Beyond PSM: A Tour of the Causal Inference Toolkit (DiD, IV, RDD)

So far in this series, we’ve become proficient with Propensity Score Matching (PSM). It’s a powerful tool for untangling causation from correlation in observational data. But what if your data doesn’t have good overlap? What if you’re worried about unobserved confounders PSM can’t touch?

You reach for a different tool.

Think of causal inference not as a single method, but as a well-stocked toolbox. PSM is your trusty screwdriver—versatile and commonly used. But some jobs require a hammer, a wrench, or a socket set.

Today, we’ll tour three other essential tools in the causal inference toolkit: Difference-in-Differences (DiD), Instrumental Variables (IV), and Regression Discontinuity Design (RDD). For each, we’ll learn its superpower, its kryptonite, and when to use it.

1. Difference-in-Differences (DiD): The Before-and-After Comparator

Core Idea: Compare the change in outcome for a treated group to the change in outcome for an untreated control group, before and after the treatment.

The Classic Example: Measuring the effect of a new minimum wage law in one state. You can’t randomize laws, but you can compare employment growth in that state (treated) to employment growth in a similar neighboring state (control), both before and after the law passed.
The Finance Example: Your bank launches a new fee-free checking account in half of its branches. To measure its impact on customer satisfaction (CSAT), you can:
- Pre-Period: Measure CSAT in both treatment and control branches.
- Post-Period: Measure CSAT again after the launch.
- The DiD Effect: (CSAT_Treatment_After - CSAT_Treatment_Before) - (CSAT_Control_After - CSAT_Control_Before)

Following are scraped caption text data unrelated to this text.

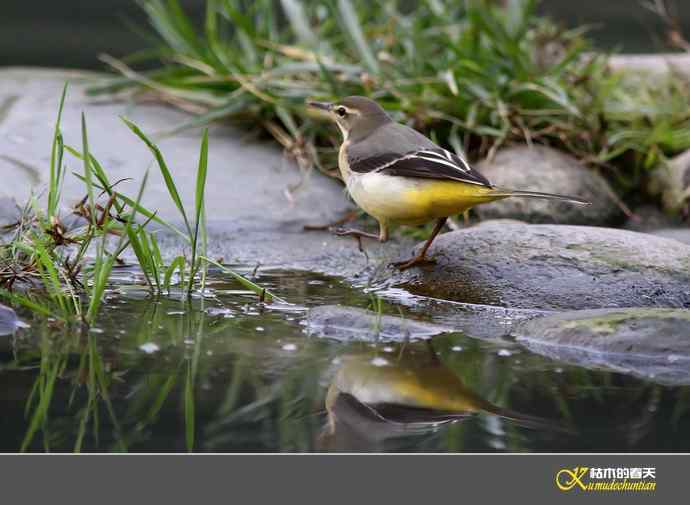 灰鹡鸰一组【实拍】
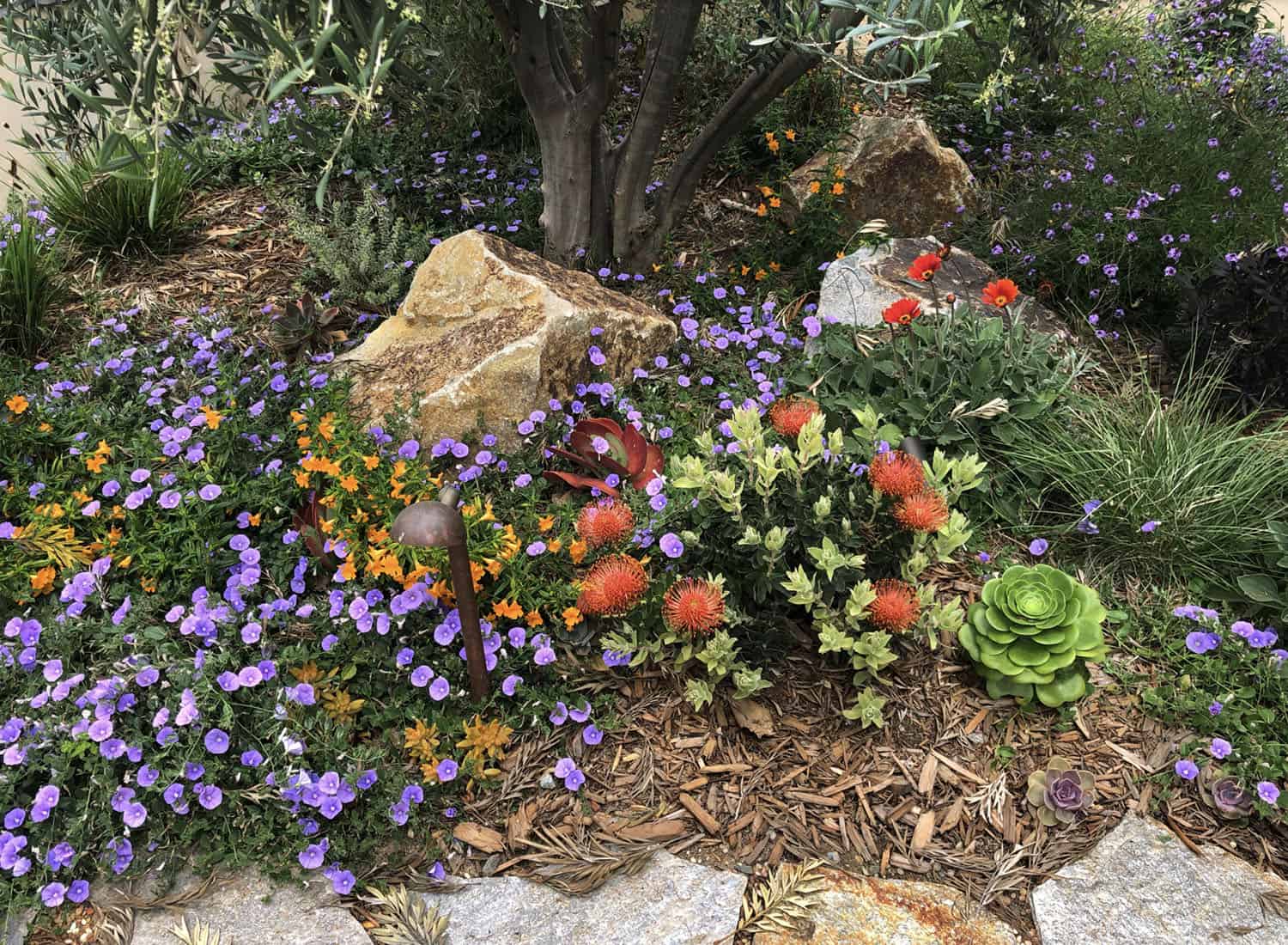 drought-tolerant small flower bed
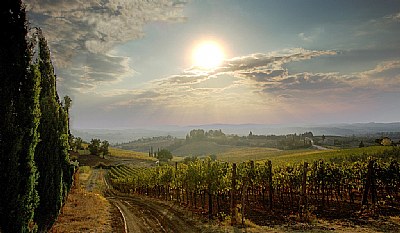 Tuscany Landscape 4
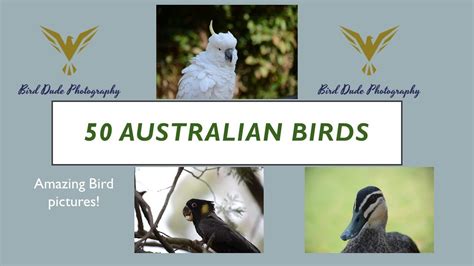 50 Australian Birds — Birds Of Australia Youtube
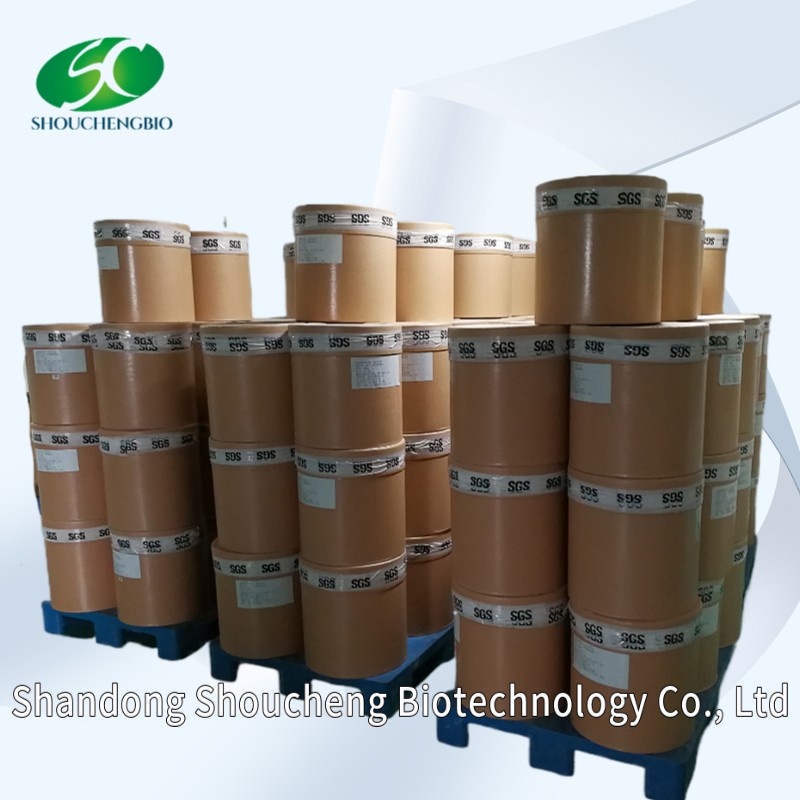 Chondroitin Sulfate Sodium Powder USP Ep 90% 95% 98% Halal CAS: 9007-28-7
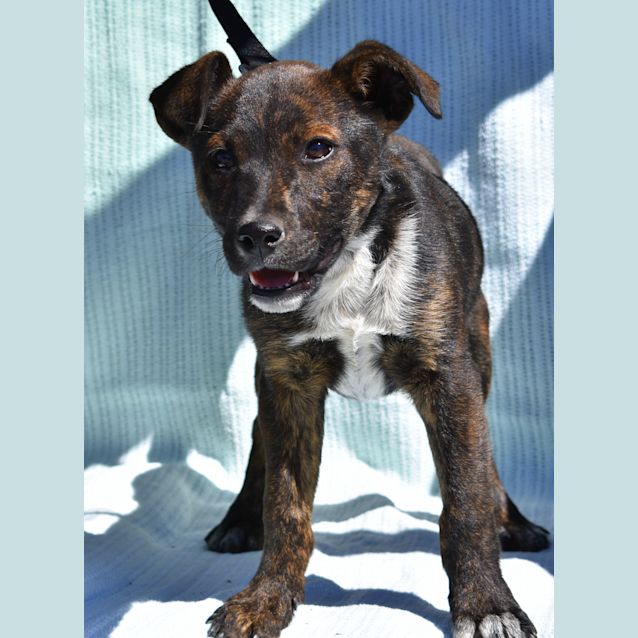 Photo of Willow
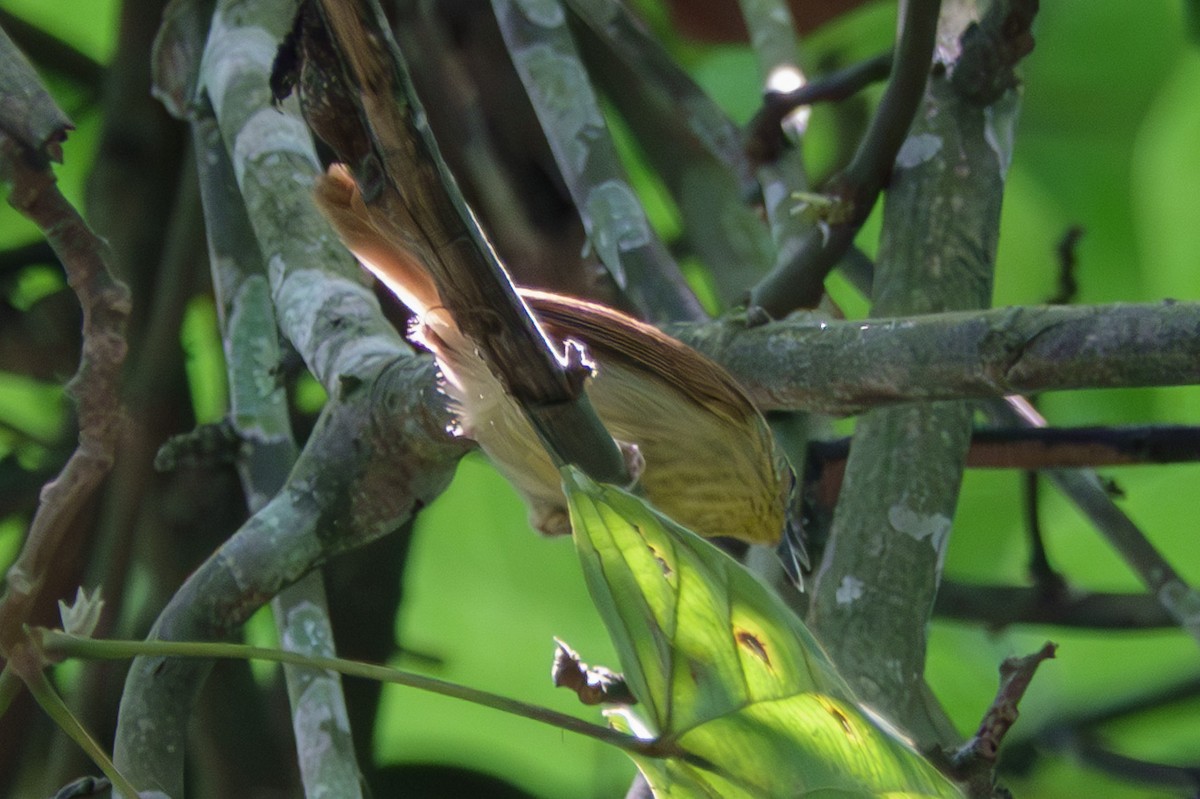 Pin-striped Tit-Babbler - ML638885350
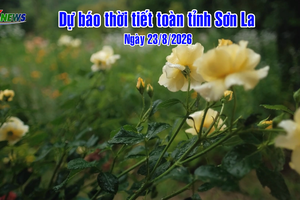 'Dự báo thời tiết toàn tỉnh Sơn La ngày 23/8/2026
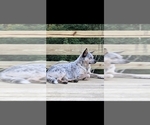 Small #5 Australian Cattle Dog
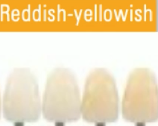 <p>VITA hue category that is REDDISH YELLOW</p>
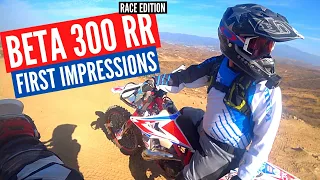 Beta 300 RR — Test Ride & First Impressions (Race Edition)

Key Requirement: The Parallel Trends Assumption. This assumes that in the absence of the treatment, the difference between the treatment and control groups would have remained constant over time. The control group’s trend is your counterfactual for the treatment group.

When It Breaks: If an unrelated event (e.g., a recession) hits the treatment group harder than the control group at the same time, it will violate parallel trends and bias your result.

2. Instrumental Variables (IV): The Natural Experiment Finder

Core Idea: Use a third variable—an “instrument”—that influences the treatment but affects the outcome only through its effect on the treatment.

The Classic Example: Estimating the effect of military service on lifetime earnings. The problem: motivated and disciplined people are more likely to serve and earn more (confounding by “grit”). A good instrument: draft lottery number. It strongly predicts who serves (relevance) but likely doesn’t affect earnings except through military service (exclusion restriction).
The Finance Example: You want to know the true effect of using a robo-advisor (treatment) on investment returns (outcome). The problem: financially savvy people are more likely to use the tool and get better returns. A potential instrument: a promo code mailed randomly to a subset of customers. It encourages tool adoption (relevance) and, if randomized, should not directly affect returns (exclusion restriction).

Key Requirement: A valid instrument. This is the hardest part. The instrument must be:

Relevant: Correlated with the treatment.
Exogenous: Not correlated with the error term (i.e., it affects the outcome only through the treatment).

When It Breaks: If the instrument directly affects the outcome (“direct path”) or is correlated with an unobserved confounder, the results will be severely biased.

3. Regression Discontinuity Design (RDD): The Sharp Cutoff Exploiter

Core Idea: When treatment is assigned by whether a unit scores above or below a specific cutoff on a continuous variable, compare outcomes for units just barely above and just barely below the cutoff.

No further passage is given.